Admiral Charles Michel, Zukunft’s deputy, reportedly proposed sending U.S. Coast Guard ships to the South China Sea to maintain regional order at a naval conference in February.

China relies heavily on its coast guard and maritime militia in the South China Sea. Relying on civilian law enforcement allows China to counter claims that it is militarizing the South China Sea.

China’s coast guard was involved in 71 percent of the 45 incidents in the South China Sea between 2010 and 2016, the Center for Strategic and International Studies reports.

China’s maritime militia, a paramilitary force portrayed as a collection of civilian fishermen, has also been involved in multiple incidents.
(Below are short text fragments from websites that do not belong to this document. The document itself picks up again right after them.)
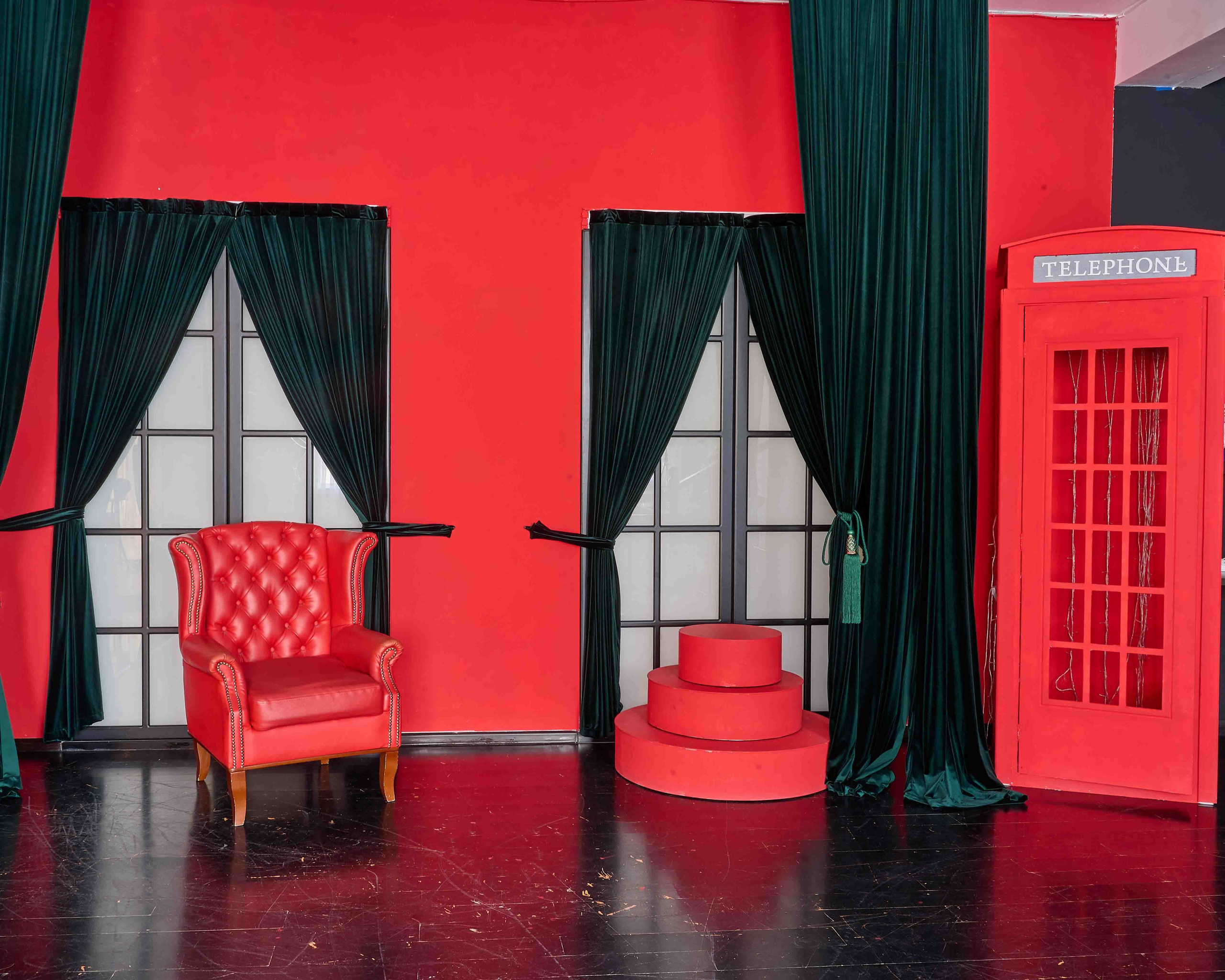 Зал «Loft» — (ул.Бабура, 73Б). 2astudio.uz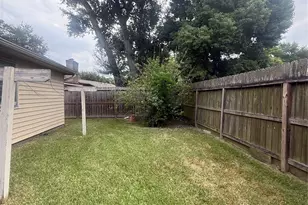 8222 Ridge Forest Dr, Houston, TX 77088 - Photo 2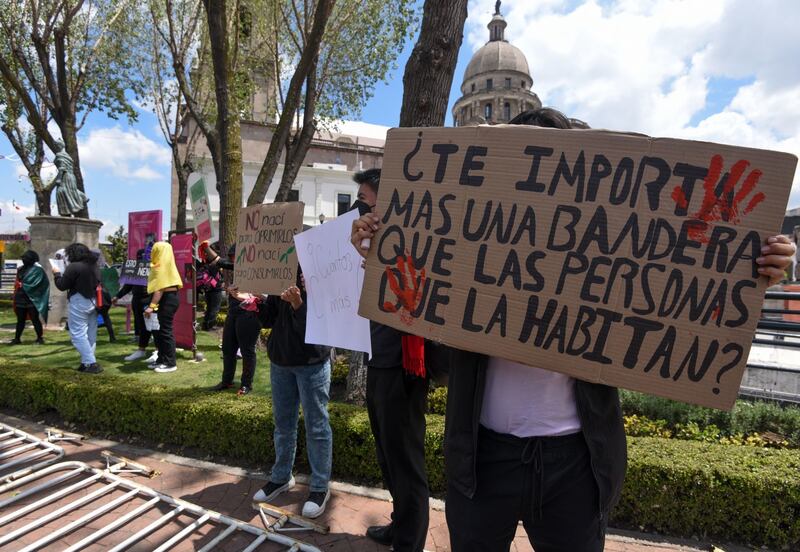 La Protesta “México Sangra” Nada que celebrar reunió a un grupo de hombres y mujeres que gritaron consignas y actos de iconoclasia en la ciudad de Toluca, protestaron contra los feminicidios, el caso de los 43, corrupción y abuso de poder.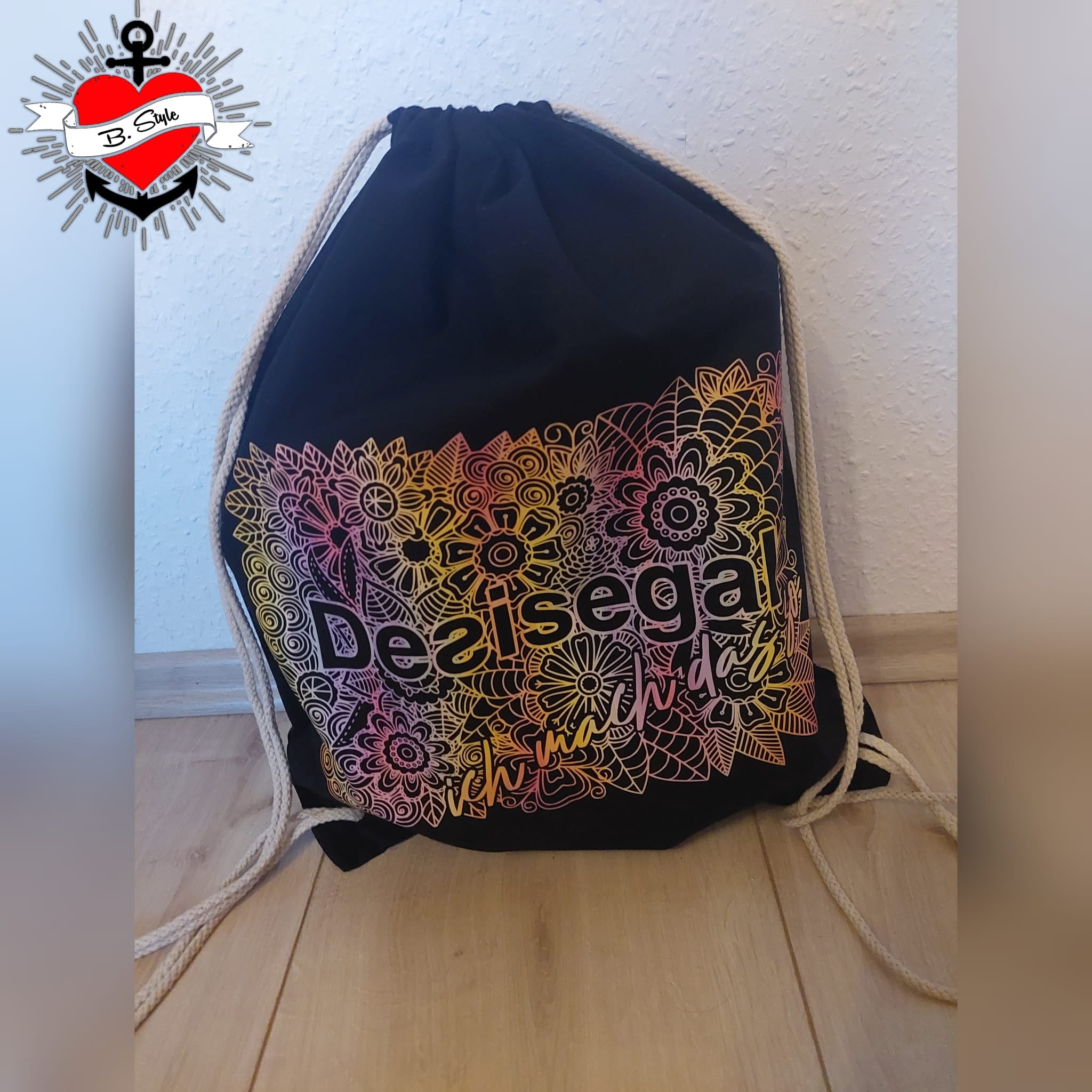 Schwarzer Rucksack mit buntem Mandala-Design und dem Text 'Desisegal ich mach das so', erstellt von easy-sticks.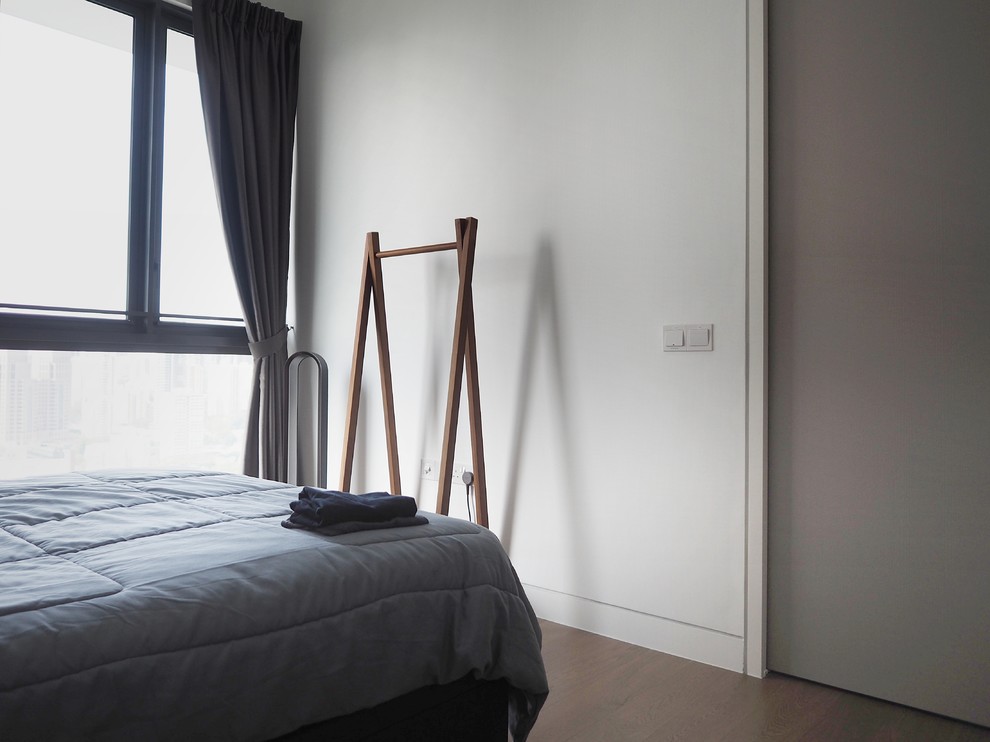 Inspiration for a modern bedroom in Singapore.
“The enlargement and modernization of the China Coast Guard (CCG) forces will improve China’s ability to enforce its maritime claims,” a 2016 Department of Defense report on Chinese military power reveals, further noting, “In the next decade, a new force of civilian law enforcement ships will afford China the capability to patrol more robustly its claims in the East China Sea and the South China Sea.”

Zukunft believes that China might respond more positively to USCG white hulls than Navy cruisers and destroyers, commenting that the coast guard can more easily maneuver the “narrow door of diplomacy.”

“The U.S. Coast Guard has a very good relationship with the Chinese Coast Guard,” he explains.

Zukunft also said that the USCG could help Vietnam, Indonesia, and other Southeast Asian countries develop their maritime law enforcement capabilities and maintain stability at sea.